Слова кардиолога настолько испугали Генри, что, приехав домой, он сразу же принялся вспоминать тех представителей сильного пола, кто по необходимости живет без женщин, причем в гораздо более суровых условиях, чем он сам: мужчины в тюрьме, мужчины на войне… но вскоре опять представил себе Венди, принимавшую разнообразные позы, для того чтобы он мог в нее войти всевозможными способами, когда у него еще была эрекция; видя ее образ перед собой, он желал ее так же жадно, как мечтает о женщине преступник, сидящий в одиночной камере, только он не мог прибегнуть к дикарской, стремительной разрядке, которая окончательно сводит с ума заключенного в одиночке. Он вспомнил о том времени, когда легко обходился без женщин, — маленький мальчик в допубертатном периоде, — был ли он когда-либо более счастлив, чем в те далекие сороковые годы, в те летние месяцы на побережье? Представь, что тебе снова одиннадцать… Но это не срабатывало. Во всяком случае, это было не лучше, чем представлять себя заключенным, отбывающим срок в тюрьме Синг-Синг. Он вспомнил об ужасных, неконтролируемых страстях, вызванных необузданным желанием: сумасшествие горячечного бреда, жестокие страдания и мечты о предмете своего вожделения, а когда одна из красоток становится тайной любовницей — плетение интриг, тревога и обман. Наконец он снова станет верным мужем для Кэрол. Ему никогда не придется лгать своей жене — теперь незачем будет лгать. Ничего не осталось. И он, и Кэрол снова будут наслаждаться простыми, честными и доверительными отношениями в браке — такими, какими они были до того мгновения, пока в его кабинете не появилась Мария, чтобы починить зубную коронку.

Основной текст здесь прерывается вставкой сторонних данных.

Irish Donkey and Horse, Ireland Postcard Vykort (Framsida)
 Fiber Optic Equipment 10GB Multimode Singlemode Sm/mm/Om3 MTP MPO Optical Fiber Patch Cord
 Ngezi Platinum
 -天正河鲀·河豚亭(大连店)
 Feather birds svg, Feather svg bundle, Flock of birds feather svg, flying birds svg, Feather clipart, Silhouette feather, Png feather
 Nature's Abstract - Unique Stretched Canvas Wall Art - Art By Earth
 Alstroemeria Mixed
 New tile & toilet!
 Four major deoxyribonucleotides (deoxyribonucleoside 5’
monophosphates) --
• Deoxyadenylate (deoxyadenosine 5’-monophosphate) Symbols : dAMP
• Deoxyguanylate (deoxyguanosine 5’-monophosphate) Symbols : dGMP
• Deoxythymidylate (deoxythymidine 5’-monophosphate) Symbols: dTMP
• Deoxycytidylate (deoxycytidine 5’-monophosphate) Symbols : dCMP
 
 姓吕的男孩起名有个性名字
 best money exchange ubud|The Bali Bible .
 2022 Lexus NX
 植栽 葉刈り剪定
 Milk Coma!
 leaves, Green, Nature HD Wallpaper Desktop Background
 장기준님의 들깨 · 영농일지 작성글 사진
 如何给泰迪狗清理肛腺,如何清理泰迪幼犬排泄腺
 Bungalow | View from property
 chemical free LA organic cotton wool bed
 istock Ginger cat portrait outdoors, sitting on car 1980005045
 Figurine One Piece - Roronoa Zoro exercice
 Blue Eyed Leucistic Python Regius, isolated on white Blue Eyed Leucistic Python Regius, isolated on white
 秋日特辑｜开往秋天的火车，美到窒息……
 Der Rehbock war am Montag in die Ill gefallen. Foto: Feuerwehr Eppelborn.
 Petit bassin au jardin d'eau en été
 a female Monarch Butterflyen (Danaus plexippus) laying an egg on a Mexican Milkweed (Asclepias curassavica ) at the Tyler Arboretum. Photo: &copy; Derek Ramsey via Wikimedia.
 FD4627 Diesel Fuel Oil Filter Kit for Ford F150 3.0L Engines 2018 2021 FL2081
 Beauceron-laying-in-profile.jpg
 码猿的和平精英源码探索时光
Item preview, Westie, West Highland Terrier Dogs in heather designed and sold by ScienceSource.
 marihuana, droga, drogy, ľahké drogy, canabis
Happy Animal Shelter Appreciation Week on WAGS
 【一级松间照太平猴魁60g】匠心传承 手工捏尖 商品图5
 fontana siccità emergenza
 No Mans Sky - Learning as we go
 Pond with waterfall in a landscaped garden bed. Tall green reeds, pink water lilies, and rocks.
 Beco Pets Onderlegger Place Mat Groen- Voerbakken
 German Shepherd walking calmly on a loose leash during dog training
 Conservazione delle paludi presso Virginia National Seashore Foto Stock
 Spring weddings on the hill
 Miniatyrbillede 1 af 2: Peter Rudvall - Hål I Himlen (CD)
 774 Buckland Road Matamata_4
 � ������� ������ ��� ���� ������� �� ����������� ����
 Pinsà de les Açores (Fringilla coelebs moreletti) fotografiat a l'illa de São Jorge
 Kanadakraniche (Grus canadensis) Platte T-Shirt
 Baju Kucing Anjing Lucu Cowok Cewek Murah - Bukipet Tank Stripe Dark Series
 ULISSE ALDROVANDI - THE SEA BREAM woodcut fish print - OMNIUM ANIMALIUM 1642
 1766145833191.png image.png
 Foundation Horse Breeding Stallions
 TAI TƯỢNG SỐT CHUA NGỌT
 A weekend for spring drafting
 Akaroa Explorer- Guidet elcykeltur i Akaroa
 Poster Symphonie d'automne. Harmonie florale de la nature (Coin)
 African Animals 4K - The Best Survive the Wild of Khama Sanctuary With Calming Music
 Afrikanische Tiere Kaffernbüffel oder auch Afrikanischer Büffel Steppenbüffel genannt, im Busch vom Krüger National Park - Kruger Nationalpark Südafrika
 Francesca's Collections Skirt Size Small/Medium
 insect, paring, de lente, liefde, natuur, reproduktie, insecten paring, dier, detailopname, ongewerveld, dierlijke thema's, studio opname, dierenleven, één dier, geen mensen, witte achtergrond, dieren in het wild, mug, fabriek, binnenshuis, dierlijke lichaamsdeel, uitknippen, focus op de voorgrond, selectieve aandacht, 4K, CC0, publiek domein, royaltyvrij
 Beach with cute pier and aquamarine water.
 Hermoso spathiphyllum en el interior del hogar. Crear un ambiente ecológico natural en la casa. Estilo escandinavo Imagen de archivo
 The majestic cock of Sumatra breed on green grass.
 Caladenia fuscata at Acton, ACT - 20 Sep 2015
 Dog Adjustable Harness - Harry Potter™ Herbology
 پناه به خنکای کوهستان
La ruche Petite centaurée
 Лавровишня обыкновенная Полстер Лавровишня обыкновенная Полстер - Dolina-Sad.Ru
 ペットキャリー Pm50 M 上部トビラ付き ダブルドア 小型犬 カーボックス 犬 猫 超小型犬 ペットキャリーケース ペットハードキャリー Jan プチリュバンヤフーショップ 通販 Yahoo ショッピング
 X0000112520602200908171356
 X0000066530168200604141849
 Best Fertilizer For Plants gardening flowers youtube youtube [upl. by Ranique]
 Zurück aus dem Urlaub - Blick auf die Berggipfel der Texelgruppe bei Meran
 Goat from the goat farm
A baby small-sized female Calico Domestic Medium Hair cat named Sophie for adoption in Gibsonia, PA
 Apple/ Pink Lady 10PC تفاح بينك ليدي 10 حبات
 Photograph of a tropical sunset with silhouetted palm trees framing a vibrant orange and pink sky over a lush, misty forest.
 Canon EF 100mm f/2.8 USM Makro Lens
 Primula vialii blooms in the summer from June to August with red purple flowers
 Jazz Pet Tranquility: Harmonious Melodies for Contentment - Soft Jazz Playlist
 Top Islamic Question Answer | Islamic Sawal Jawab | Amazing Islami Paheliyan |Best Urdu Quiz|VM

Когда он впервые увидел ее, его настолько потрясло ее шелковистое зеленое платье, бирюзовые глаза и европейская утонченность, что он едва мог вести с ней связную беседу на профессиональные темы, в чем обычно преуспевал, даже не помышляя о флирте, пока Мария сидела в его зубоврачебном кресле, послушно открыв рот Судя по тем формальным отношениям, сложившимся у них во время ее четырех визитов, он и представить себе не мог, что по прошествии десяти месяцев, как раз накануне возвращения в Базель, Мария признается ему: «Я никогда раньше не думала, что смогу любить двух мужчин одновременно».
Он и представить не мог, что их расставание окажется таким трагичным, — ощущения были настолько новы для обоих, что даже супружеская измена стала для них девственно-непорочным актом. Генри никогда и в голову не приходило, пока Мария не сказала ему об этом, что мужчина с его внешними данными может переспать практически с любой мало-мальски привлекательной женщиной в городе. Его никогда не обуревало тщеславие по поводу своих сексуальных подвигов, и по натуре он был глубоко застенчив; несмотря на молодость, он уже успел привыкнуть к тому, что им управляют чувства приличия, усвоенные с юных лет, и он никогда не задавал себе серьезных вопросов по поводу морали. Обычно дело обстояло так: чем привлекательнее была женщина, тем сдержанней вел себя Генри; при появлении незнакомки, которую он считал исключительно желанной, он замыкался в себе, становился безнадежно унылым занудой, теряя всю свою непосредственность, и часто заливался густой краской, если ему выпадала возможность быть представленным новой гостье. Вот таким он был когда-то — верным мужем и хорошим семьянином; вот почему он стал верным мужем и хорошим семьянином. А теперь он снова был обречен на супружескую верность.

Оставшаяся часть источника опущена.